Problem Description
Given an array of meeting time intervals where each interval is represented as [start, end], determine the minimum number of conference rooms required so that all meetings can take place without overlapping.
Key Insights
- Sort the intervals based on start times to process meetings in order.
- Use a min-heap (priority queue) to keep track of meeting end times.
- When processing a new meeting, check if its start time is greater than or equal to the smallest end time from the heap.
- If so, it means a meeting room has been freed (the meeting with the smallest end time has ended) and can be reused.
- If not, allocate a new room by pushing the current meeting's end time into the heap.
- The size of the heap at any moment represents the number of rooms currently in use.
Space and Time Complexity
Time Complexity: O(n log n) due to sorting and each heap operation (push/pop) taking O(log n).
Space Complexity: O(n) in the worst-case scenario when all meetings overlap, requiring all end times in the heap.
Solution
The solution involves first sorting the meeting intervals by their start times.

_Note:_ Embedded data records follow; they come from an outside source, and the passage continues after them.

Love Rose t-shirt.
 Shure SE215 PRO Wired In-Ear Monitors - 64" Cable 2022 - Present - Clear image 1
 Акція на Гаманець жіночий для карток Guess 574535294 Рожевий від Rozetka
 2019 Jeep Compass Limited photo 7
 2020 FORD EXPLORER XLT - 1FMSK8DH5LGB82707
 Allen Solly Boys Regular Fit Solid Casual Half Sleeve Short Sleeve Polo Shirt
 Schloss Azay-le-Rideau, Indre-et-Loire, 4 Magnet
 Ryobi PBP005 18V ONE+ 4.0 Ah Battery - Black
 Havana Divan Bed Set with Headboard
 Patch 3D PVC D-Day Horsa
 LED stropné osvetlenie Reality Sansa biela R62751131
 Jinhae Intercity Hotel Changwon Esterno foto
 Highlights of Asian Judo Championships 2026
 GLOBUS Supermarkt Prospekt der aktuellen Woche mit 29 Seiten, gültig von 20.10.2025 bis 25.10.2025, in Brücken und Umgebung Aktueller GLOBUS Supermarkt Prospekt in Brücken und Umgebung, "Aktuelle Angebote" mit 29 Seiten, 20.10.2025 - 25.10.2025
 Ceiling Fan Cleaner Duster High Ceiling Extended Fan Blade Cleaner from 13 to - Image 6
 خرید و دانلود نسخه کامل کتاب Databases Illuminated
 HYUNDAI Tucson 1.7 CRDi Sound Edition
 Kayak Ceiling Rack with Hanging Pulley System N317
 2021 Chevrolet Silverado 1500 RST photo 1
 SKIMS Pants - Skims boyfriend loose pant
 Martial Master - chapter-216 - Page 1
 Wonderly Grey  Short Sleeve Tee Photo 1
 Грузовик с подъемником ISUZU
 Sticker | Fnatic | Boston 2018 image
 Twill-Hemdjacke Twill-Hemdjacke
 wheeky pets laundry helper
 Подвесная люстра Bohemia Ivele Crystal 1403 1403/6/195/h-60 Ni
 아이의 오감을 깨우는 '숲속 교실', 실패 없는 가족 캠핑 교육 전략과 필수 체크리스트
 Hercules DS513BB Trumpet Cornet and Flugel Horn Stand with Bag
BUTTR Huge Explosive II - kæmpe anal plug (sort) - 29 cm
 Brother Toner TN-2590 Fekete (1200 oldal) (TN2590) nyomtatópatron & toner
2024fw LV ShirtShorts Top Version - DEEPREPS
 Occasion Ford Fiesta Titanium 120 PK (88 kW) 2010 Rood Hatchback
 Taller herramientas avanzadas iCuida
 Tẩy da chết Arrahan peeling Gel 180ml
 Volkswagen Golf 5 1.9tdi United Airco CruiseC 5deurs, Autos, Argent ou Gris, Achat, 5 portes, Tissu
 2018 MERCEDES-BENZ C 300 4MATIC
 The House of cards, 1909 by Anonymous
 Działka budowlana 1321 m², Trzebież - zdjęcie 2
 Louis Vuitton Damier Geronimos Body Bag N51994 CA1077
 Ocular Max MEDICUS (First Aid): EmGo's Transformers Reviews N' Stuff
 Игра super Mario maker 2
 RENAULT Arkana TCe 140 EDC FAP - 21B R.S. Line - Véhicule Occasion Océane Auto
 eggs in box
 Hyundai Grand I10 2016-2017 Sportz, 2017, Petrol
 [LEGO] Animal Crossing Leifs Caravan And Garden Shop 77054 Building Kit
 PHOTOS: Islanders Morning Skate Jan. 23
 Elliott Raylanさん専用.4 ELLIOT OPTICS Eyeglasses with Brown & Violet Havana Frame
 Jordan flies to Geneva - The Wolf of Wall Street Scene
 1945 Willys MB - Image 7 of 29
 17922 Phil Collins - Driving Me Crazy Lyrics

Then, we utilize a min-heap (priority queue) to keep track of the end times of ongoing meetings. For each meeting, we compare its start time with the smallest end time in the heap:
- If the meeting can start after the meeting at the top of the heap has ended (i.e., its start time is greater than or equal to the smallest end), we remove that end time from the heap (freeing up a room).
- Then, we add the current meeting's end time to the heap. By the end of processing all meetings, the size of the heap represents the minimum number of conference rooms required.